Chapter 12. Applying Darwinism to the Sales Process

Buy and Sell Is the Name of the Game

Selling is usually as popular as candy the day after Halloween. During secular bull markets selling is frowned upon as buy-and-hold turns into investing religion. And since sell violates the "hold" covenant of that religion, the investor who buys and sells is labeled as a nonbeliever, or even worse, a trader (if you say "trader" fast enough it sounds like "traitor").

In bull markets, only wimpy suckers sell as market valuations are expanding and even second-rate dogs (stocks) start looking like pedigreed cocker spaniels. Every investor is now a "long-term" investor, and sell becomes a four-letter word. But being a long-term investor is not about the longevity of your hold decisions, but rather it is an attitude. Holding a stock because you bought it is a fallacy. You should only hold a stock if the future risk-adjusted return warrants it.

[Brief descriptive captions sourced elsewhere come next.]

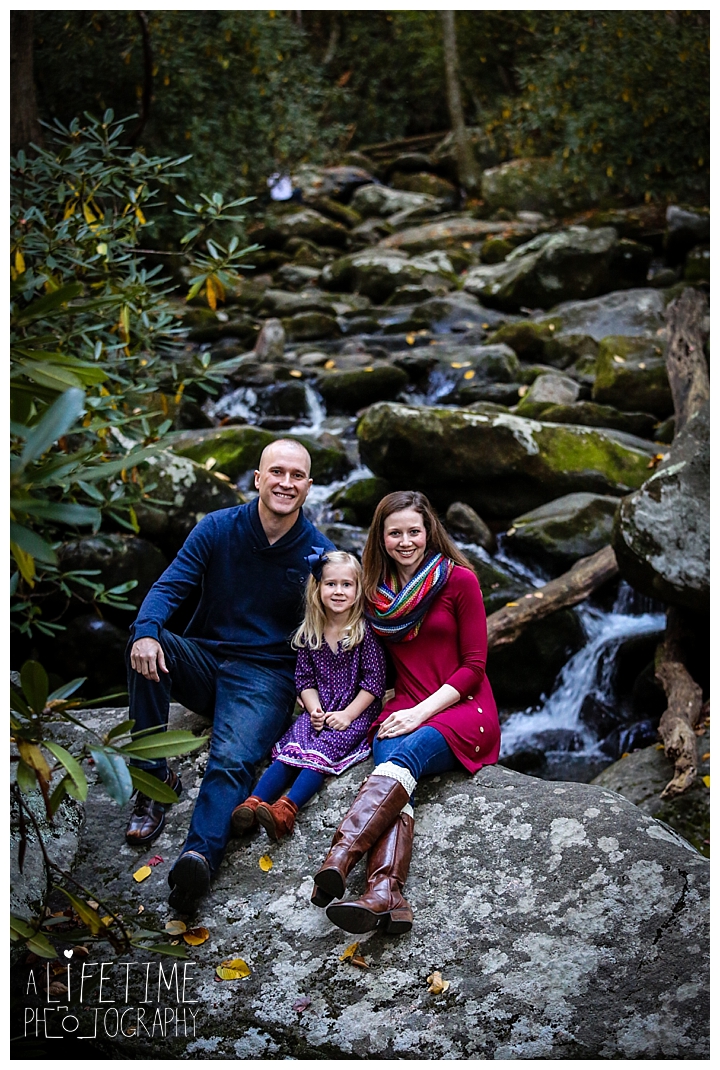 family-photographer-roaring-fork-motor-nature-trail-smoky-mountains-gatlinburg-pigeon-forge-seviervile-knoxville-townsend-tennessee_0055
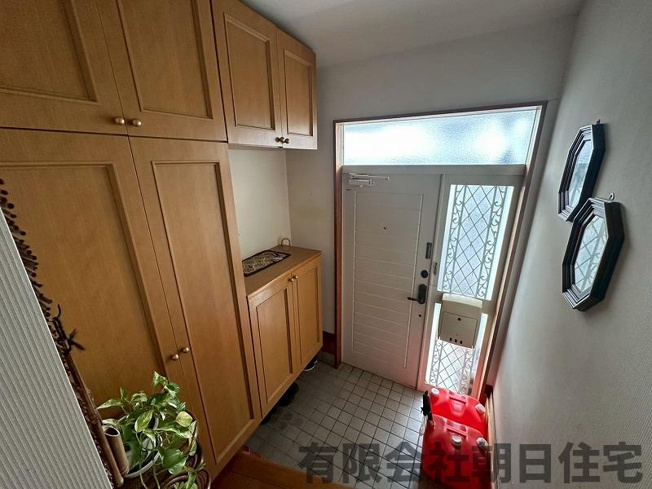 【玄関】 | 西川津町中古戸建兼店舗事務所 | 収納もある玄関です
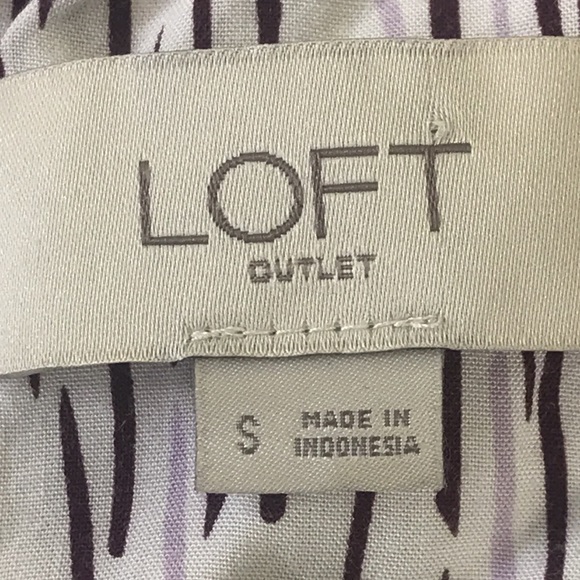 Loft brand Ladies Blouse - Picture 8 of 9
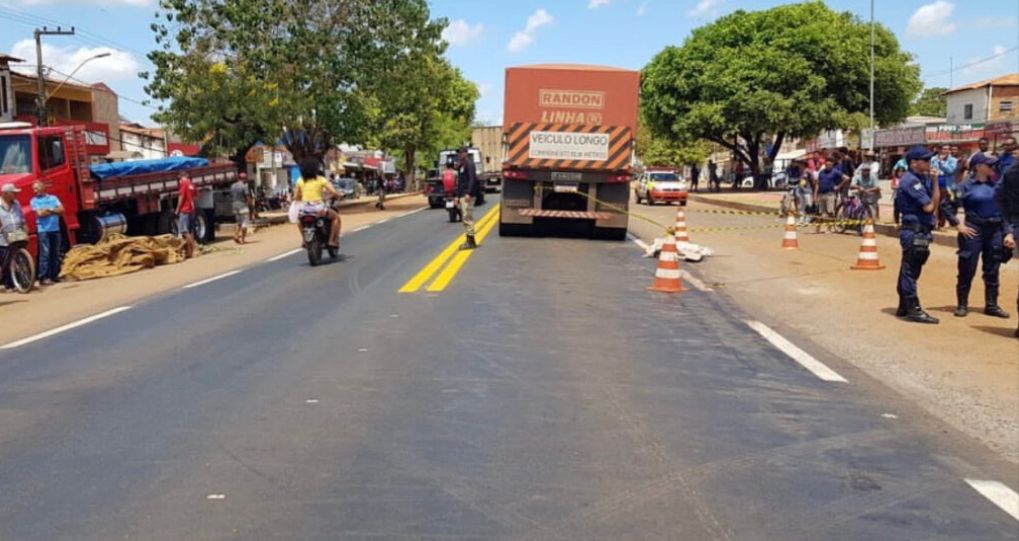 Jovem deita na BR-135 e acaba sendo atropelado e morto por caminhão no Maranhão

Warren Buffett has been mistakenly promoted (though, I'd argue, demoted) to deity status in this buy-and-hold temple. Let's correct this mistake. Warren Buffett became a buy-and-hold investor when his portfolio and positions got big enough, pushing $60 billion, so that selling became a difficult undertaking. Being on the boards of some of his biggest holdings (like Coca-Cola and the Washington Post) has made selling even more difficult. In his early career, before "Oracle of Omaha" was his moniker, he was a buy-and-sell investor.